El Ejército de Israel informó este sábado que llevó a cabo ataques contra instalaciones vinculadas a la Fuerza Quds (unidad de élite de la Guardia Revolucionaria iraní), Hezbollah y la Yihad Islámica Palestina en Beirut, capital del Líbano, en lo que representa una nueva escalada en el conflicto que mantiene en alerta a la comunidad internacional.
Según un comunicado oficial de las Fuerzas de Defensa israelíes (FDI), entre los objetivos alcanzados se encuentra un centro de mando de la sección libanesa de la Fuerza Quds, que según Tel Aviv «funciona como enlace operativo entre Hezbollah e Irán». Asimismo, fueron bombardeadas dos sedes de la Yihad Islámica Palestina y un puesto de observación de Hezbollah, este último atacado por la Armada israelí.

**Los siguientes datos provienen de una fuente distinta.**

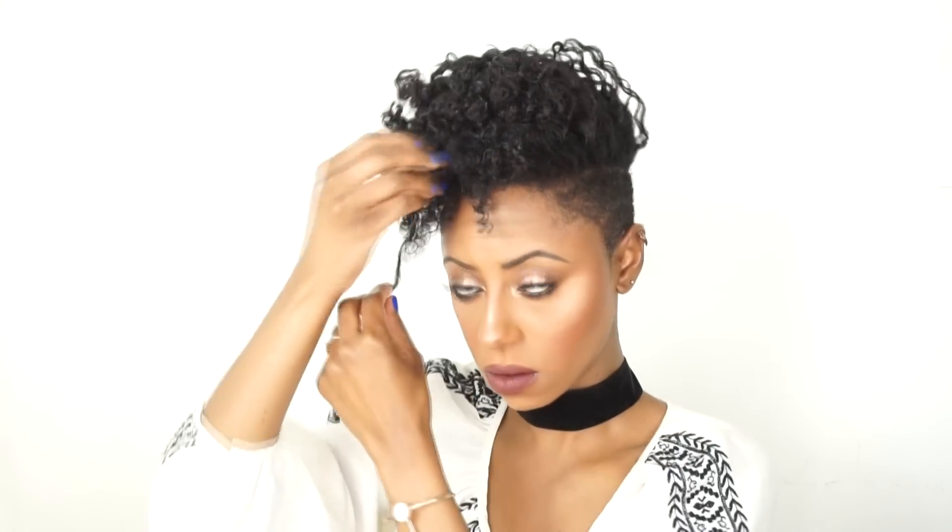Once all my twists are taken down, I'm just going to stretch the roots of my hair — kind of zhuzh it and form it to the shape that I want. I'm going to move all my hair forward because I'm going for that edgy little twist out. Then I'm going to pull some hair in the front to give me some shape and bang. Then I'm going to take my pick and just pick the roots for more volume and shape.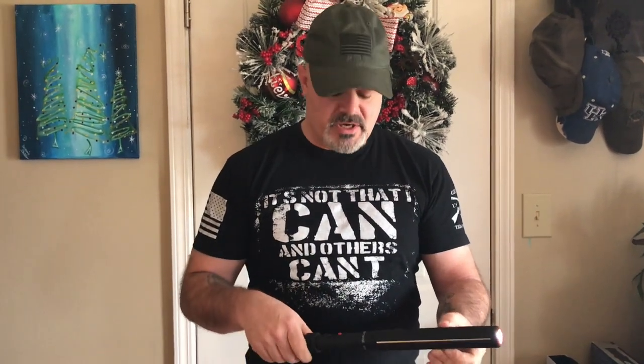For those of you who work security or walk out into a dark parking lot at night, it does have a flashlight on it. I'm not totally sure on the lumens, but I can look those up and put them in the description box below.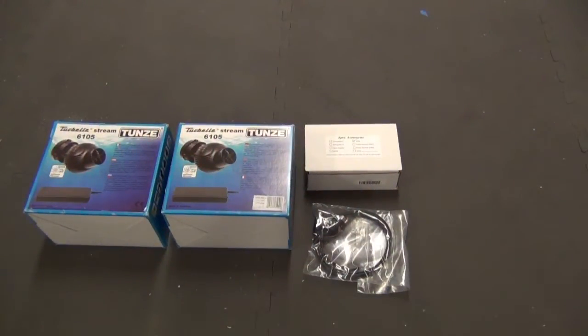Hi, this is Jayhawk Scott again. I'm here today to do kind of a product review and talk about water flow within my display tank and what my plans are.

RESPUESTA A UN MISIL BALÍSTICO
La ofensiva en Beirut se produce horas después de que un misil balístico de origen iraní impactara en el centro de Israel, dejando al menos una persona herida. El proyectil, que según fuentes militares contenía munición de racimo, activó las alarmas en varias localidades israelíes.
En represalia, las FDI bombardearon sistemas de defensa aérea y emplazamientos de misiles en las cercanías de Teherán, capital de Irán, marcando una peligrosa ampliación del conflicto más allá de las fronteras del Líbano y Gaza.
CONTEXTO REGIONAL
La escalada actual se enmarca en el prolongado enfrentamiento entre Israel y grupos armados aliados de Irán en la región. Hezbollah, con fuerte presencia en el sur del Líbano, ha intercambiado fuego con Israel de manera intermitente desde el inicio de la guerra en Gaza en octubre de 2023.
Para analistas consultados por medios internacionales, los ataques de este sábado reflejan una estrategia israelí de «golpear primero» contra infraestructuras que considera amenazas inminentes, mientras que portavoces de los grupos afectados han prometido «responder con fuerza» a las agresiones.
REACCIONES INTERNACIONALES
Diversos organismos multilaterales, incluyendo la ONU, han hecho un llamado a todas las partes para que ejerzan máxima contención y eviten acciones que puedan derivar en un conflicto regional de mayores proporciones.
Desde Paraguay, la Cancillería no ha emitido aún un pronunciamiento oficial sobre los últimos hechos, aunque el país mantiene históricamente una posición de respaldo al diálogo pacífico y al respeto del Derecho Internacional Humanitario en todos los conflictos armados.